I find myself fighting back the tears in the truck as we make our way down the interstate. I allow myself to imagine the night in Paris. That could’ve been any of us there. While innocent people were having dinner and enjoying a night of music and football with friends and family, they were murdered. They were plotted against…hunted. Months before it actually took place, these people, these PEOPLE were breathing, loving, fearful and wonderful. They were living their lives with the hopes that everyone has. I’m sure some hoped to fall in love. To feel the nervousness when you see that someone walk into the room, and to have the guts to go over and talk to them. I bet others yearned for families. To fill their empty arms with children and feel the heartbeat of a newborn who has their daddy’s eyes. I’m sure some of these people had laughs that could light up a room, or a tenderness about them that could heal even the hardest heart. I bet they could’ve been our friends. They were the friends of others. The world will never get to know what will become of them. They are but shadows of those who walked this place.

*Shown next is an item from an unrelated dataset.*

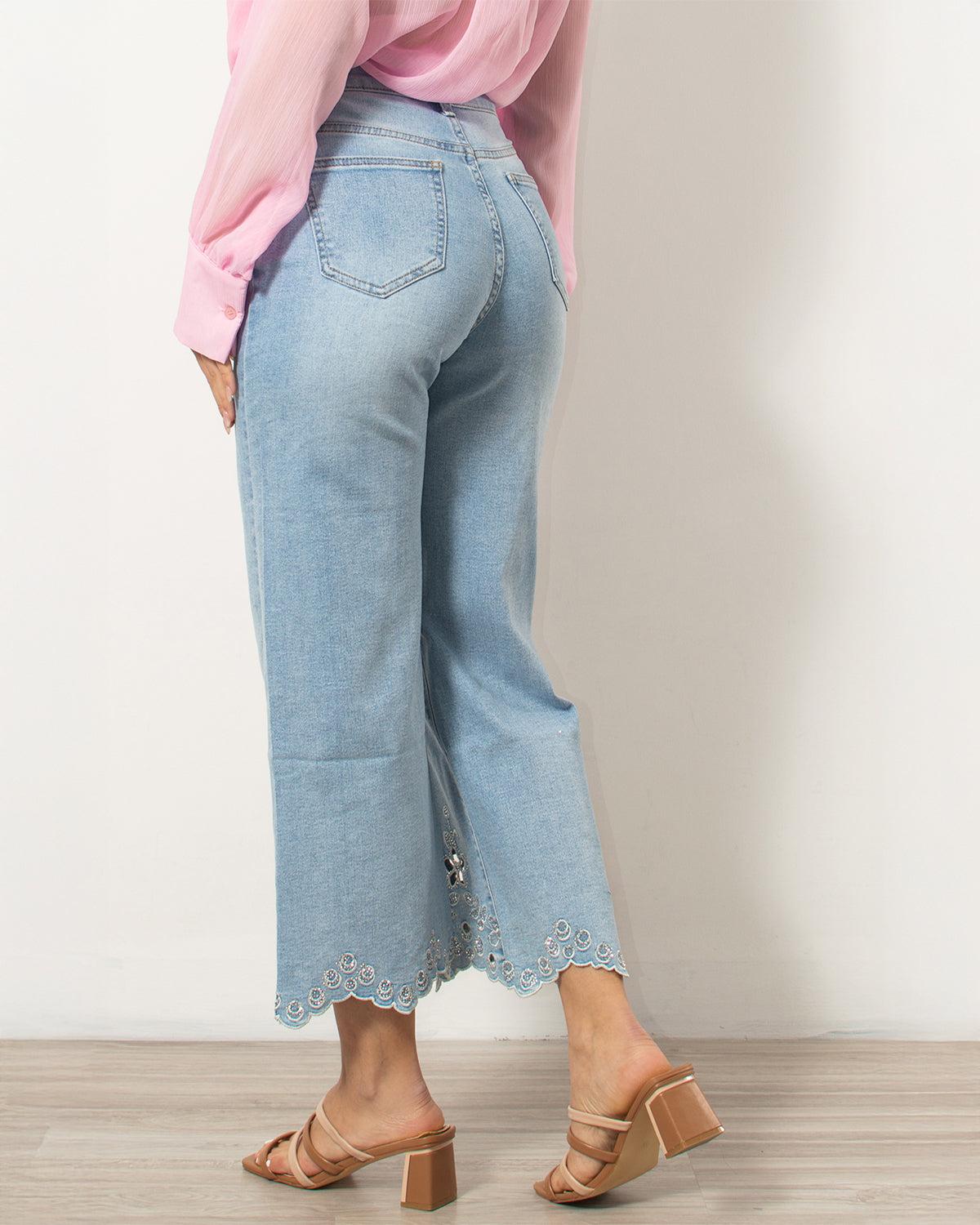 Τζιν παντελόνι κροπ κεντημένο σε μπλε χρώμα από τη Silla Jo.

It’s getting harder and harder to watch the news without being cynical. I struggle with the balancing act of being angry at the way things are going, and riding the wave of God’s sovereignty. I battle feeling hatred for those who commit these acts. It makes me think thoughts that I never thought I would…..or for that matter thought I could think such bad things. What if that were my husband? My children? How would I cope? Could I go on in this world with the hope that God is in control, because from the looks of it down here, it’s like sheer chaos. Is our government trustworthy? The strongest and best country on the planet founded on Biblical principals turns it back on the Almighty. It’s all topsy-turvy. Right is viewed wrong and wrong is glorified? Whaaa??? Churches are divided on what the Bible truly says. They add and subtract what they want and call it outdated. (Just a side note to that: God maintained the integrity of His word for 2000 years. I think He knows what’s best). I want to scream at the top of my lungs to God and remind Him that although some of our leaders take us down roads that don’t glorify Him, that not all of us feel that way. Protect us from their mistakes, I pray. I feel like I’m in superglue….I’m feeling stuck. It makes me anxious all over.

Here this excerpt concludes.